L’autre grand changement consiste en la prise en considération de la sécurité au niveau de l’avion et non plus d’un système ou d’un équipement, ainsi l’amendement 5 apporte un gain de sécurité et de pragmatisme.

L’application à l’Elixir

Le premier paragraphe du règlement définit le niveau de sécurité de l’avion :

CS23.2000 Applicabilité et définitions

    1. b) Dans ces spécifications de certification, la définition suivante s’applique :

“Vol et atterrissage sûrs” signifie que l’avion est capable de continuer son vol contrôlé et de faire un atterrissage, en utilisant éventuellement les procédures d’urgence, sans nécessité de dextérité ou de force particulière de la part du pilote. Après l’atterrissage, l’avion peut être endommagé en conséquence d’une rupture éventuelle.

L’exemple le plus frappant est celui de la perte de contrôle, c’est-à-dire du décrochage et de la vrille. Dans le bon vieux temps, même pour un avion de catégorie normale et non acrobatique, non autorisé à faire des vrilles, les essais de vrille représentaient 3 semaines d’essais en vol à essayer différents centrages, différentes masses et différentes puissances de moteur. A cela se rajoutaient les essais de décrochage également effectués à différents centrages, différentes masses et différentes puissances de moteur.
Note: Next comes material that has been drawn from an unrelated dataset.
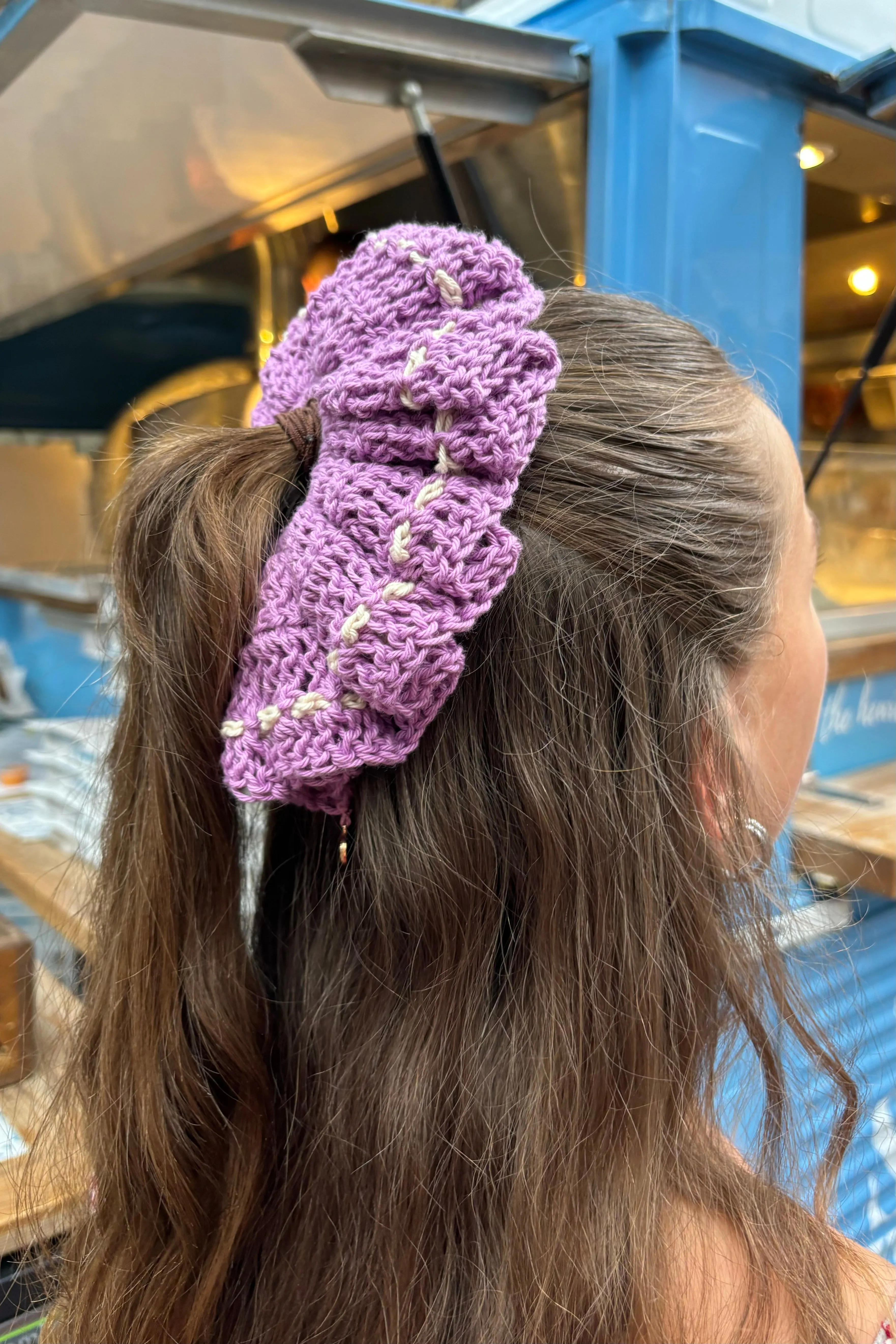 Courgette Dancer Scrunchie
Grâce à l’amendement 5, on se concentre sur le cas générant le plus grand nombre d’accidents mortels, la perte de contrôle en dernier virage : l’avion ne doit absolument pas passer sur le dos en cas de décrochage. En se concentrant sur les qualités de vol dans cette phase, on améliore la sécurité tout en allégeant la procédure de certification. Cette méthode de démonstration de conformité a été mise en application pour la première fois avec l’Elixir.

L’application à d’autres programmes

La philosophie « amendement 5 » permet également de proposer des moyens de conformité qui n’étaient pas acceptés dans le passé comme la prise en compte de l’expérience en service. Certains constructeurs ont d’ores et déjà utilisé cette possibilité pour obtenir l’approbation de modifications. Cela a facilité la démonstration de conformité qui est à la fois réaliste et simplifiée ; c’est très positif.

D’autres ont utilisé l’amendement 5 pour l’approbation de Suppléments au Certificat de Type (STC) avec succès. Cette nouvelle approche plus tournée vers le niveau de sécurité réel de l’aéronef permet un certain pragmatisme qui autorise quelques gains d’efficacité. Cela permet aussi, et c’est très important, d’obtenir la certification de solutions innovantes en proposant à l’AESA une méthode de démonstration du niveau de conformité adaptée au cas particulier.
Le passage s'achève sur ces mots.